Libri e Fumetti "Prickly" è un fumetto ispirato dall'incombenza quotidiana del coronavirus nelle vite di ognuno di noi, una piccolo graphic story nata sui disegni del fumettista siracusano Salvo Antoci cui si sono aggiunti i testi dell'attrice e regista aretusea Erika Barresi

“Prickly” è un fumetto ispirato dall’incombenza quotidiana del coronavirus nelle vite di ognuno di noi, una piccolo graphic story nata sui disegni del fumettista siracusano Salvo Antoci cui si sono aggiunti i testi dell’autrice e regista aretusea Erika Barresi. Al progetto ha collaborato al progetto l’attrice Tilde Scarpa.

Salvatore Antoci

Salvo Antoci: «L’idea nasce dalla consapevolezza che il virus esiste da sempre e che si è sempre comportato come un’entità divina. Ha visto la Terra nascere e modificarsi.
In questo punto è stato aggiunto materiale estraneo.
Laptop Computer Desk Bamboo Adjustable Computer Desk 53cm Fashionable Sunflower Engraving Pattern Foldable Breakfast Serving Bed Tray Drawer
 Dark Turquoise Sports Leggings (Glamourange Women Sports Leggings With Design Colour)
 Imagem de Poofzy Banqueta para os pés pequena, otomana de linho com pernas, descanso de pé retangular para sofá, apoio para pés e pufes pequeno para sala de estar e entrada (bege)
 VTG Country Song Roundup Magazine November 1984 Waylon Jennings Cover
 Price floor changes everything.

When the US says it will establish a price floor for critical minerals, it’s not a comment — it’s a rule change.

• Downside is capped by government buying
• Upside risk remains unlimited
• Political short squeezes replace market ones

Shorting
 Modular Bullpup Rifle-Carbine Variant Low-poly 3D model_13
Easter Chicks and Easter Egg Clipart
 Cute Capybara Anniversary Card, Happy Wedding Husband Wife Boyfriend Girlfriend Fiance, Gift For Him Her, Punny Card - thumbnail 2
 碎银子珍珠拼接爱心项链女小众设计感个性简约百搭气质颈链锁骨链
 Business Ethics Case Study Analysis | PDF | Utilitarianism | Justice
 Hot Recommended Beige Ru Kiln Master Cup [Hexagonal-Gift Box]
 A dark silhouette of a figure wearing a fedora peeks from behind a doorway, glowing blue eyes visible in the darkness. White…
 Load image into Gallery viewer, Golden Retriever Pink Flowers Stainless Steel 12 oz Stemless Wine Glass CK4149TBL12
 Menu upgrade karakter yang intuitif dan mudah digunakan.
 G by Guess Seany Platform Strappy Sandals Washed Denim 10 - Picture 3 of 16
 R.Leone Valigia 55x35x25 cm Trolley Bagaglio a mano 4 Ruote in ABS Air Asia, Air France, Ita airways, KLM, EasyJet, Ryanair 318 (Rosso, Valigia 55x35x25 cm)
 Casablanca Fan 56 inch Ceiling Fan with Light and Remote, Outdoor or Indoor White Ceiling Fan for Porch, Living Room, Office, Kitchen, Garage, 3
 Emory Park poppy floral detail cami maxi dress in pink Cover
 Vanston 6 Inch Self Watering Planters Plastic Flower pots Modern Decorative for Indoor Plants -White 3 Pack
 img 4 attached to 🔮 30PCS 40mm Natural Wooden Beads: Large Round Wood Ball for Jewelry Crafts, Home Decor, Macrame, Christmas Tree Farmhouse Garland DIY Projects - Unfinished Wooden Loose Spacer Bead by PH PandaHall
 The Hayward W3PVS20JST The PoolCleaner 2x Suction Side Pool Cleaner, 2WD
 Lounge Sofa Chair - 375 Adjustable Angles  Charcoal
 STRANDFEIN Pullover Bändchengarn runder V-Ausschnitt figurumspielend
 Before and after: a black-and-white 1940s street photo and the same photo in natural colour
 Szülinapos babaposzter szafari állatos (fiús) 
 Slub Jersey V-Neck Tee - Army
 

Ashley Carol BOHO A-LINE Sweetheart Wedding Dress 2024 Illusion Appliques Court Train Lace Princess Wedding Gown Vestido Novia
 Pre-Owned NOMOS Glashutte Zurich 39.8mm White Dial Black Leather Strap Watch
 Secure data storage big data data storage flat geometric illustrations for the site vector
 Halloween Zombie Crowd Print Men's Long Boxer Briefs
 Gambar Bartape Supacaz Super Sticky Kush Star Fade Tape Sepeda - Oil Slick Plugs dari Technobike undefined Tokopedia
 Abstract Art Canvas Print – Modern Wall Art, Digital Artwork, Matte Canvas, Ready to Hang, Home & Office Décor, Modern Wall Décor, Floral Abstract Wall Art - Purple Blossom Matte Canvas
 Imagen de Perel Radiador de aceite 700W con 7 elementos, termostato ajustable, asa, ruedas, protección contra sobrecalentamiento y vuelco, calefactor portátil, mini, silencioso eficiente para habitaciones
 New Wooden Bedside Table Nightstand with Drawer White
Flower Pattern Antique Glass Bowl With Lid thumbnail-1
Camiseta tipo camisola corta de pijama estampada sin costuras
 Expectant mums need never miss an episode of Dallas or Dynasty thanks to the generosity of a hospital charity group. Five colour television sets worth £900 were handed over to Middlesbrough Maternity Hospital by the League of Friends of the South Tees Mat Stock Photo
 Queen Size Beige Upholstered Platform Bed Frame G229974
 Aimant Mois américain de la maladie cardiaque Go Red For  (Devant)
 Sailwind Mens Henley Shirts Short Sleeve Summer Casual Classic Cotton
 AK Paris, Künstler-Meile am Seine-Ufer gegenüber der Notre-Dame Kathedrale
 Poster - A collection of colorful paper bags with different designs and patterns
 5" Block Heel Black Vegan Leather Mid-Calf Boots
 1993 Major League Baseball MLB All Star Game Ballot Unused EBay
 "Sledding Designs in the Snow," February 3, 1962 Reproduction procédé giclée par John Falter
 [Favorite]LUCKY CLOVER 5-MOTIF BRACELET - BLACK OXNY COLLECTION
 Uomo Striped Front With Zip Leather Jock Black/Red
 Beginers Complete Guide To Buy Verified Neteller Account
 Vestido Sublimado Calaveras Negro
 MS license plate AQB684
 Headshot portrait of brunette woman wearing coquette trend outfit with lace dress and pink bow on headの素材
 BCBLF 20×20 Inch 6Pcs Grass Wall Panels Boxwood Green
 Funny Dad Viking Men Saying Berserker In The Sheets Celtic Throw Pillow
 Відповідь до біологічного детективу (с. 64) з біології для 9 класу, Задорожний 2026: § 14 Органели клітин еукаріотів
La sua natura lo ha portato a impossessarsi di ciò che lo circondava e a modificarsi continuamente fino a diventare “l’uovo primordiale”. Un altro essere con velleità divine (l’Uomo) lo scopre, lo subisce, lo teme, lo combatte».

Erika Barresi

Erika Barresi: «Per quanto mi riguarda a questo pensiero dell’ideazione di Salvo Antoci ho aggiunto la mia visione con la scrittura: la particella si crede creatrice e quindi comincia dandosi un ruolo, comportandosi in maniera antropomorfa, decide di dare dei nomi a tutto quello che la circonda, come nelle scritture – non volendo essere blasfema ma richiamando qualcosa di riconoscibile per chi legge – poi la sua naturale mutazione, per difesa o per evoluzione la porta a diventare l’uovo primordiale nel quale racchiudo mitologicamente tutto il segreto della creazione; quindi arriva questo uomo che vuole usare questo uovo credendolo capace di purificare il suo mondo che non rispetta la natura come dovrebbe».